From: Hal Rosenstock [mailto:hal.rosenstock at gmail.com]
Sent: Wednesday, October 07, 2015 1:26 PM
To: German Anders
Cc: Weiny, Ira; users at lists.openfabrics.org<mailto:users at lists.openfabrics.org>
Subject: Re: [Users] IB topology config and polling state

That's the gateway to the switch in the enclosure. It's the internal connectivity in the blade enclosure that's (physically) broken.

On Wed, Oct 7, 2015 at 4:24 PM, German Anders <ganders at despegar.com<mailto:ganders at despegar.com>> wrote:
cabled
the blade it's:

vendid=0x2c9
devid=0xbd36
sysimgguid=0x2c902004b0918
switchguid=0x2c902004b0918(2c902004b0918)
Switch    32 "S-0002c902004b0918"        # "Infiniscale-IV Mellanox Technologies" base port 0 lid 29 lmc 0
[1]    "S-e41d2d030031e9c1"[9]        # "MF0;GWIB01:SX6036G/U1" lid 24 4xQDR

German

2015-10-07 17:21 GMT-03:00 Hal Rosenstock <hal.rosenstock at gmail.com<mailto:hal.rosenstock at gmail.com>>:
What are those HCAs cabled to or is it internal to the blade enclosure ?

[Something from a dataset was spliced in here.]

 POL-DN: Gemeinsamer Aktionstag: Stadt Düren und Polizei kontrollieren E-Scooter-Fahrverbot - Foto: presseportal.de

On Wed, Oct 7, 2015 at 3:24 PM, German Anders <ganders at despegar.com<mailto:ganders at despegar.com>> wrote:
Yeah, is there any command that I can run in order to change the port state on the remote switch? I mean everything looks good but in the hp blades still getting:


# ibstat
CA 'qib0'
    CA type: InfiniPath_QMH7342
    Number of ports: 2
    Firmware version:
    Hardware version: 2
    Node GUID: 0x0011750000791fec
    System image GUID: 0x0011750000791fec
    Port 1:
        State: Down
        Physical state: Polling
        Rate: 40
        Base lid: 4660
        LMC: 0
        SM lid: 4660
        Capability mask: 0x0761086a
        Port GUID: 0x0011750000791fec
        Link layer: InfiniBand
    Port 2:
        State: Down
        Physical state: Polling
        Rate: 40
        Base lid: 4660
        LMC: 0
        SM lid: 4660
        Capability mask: 0x0761086a
        Port GUID: 0x0011750000791fed
        Link layer: InfiniBand
Also on working hosts I only see devices from the local network, but didn't see any of the blades hca connections.


German

2015-10-07 16:21 GMT-03:00 Hal Rosenstock <hal.rosenstock at gmail.com<mailto:hal.rosenstock at gmail.com>>:
The screen shot looks good :-) SM brought the link up to active.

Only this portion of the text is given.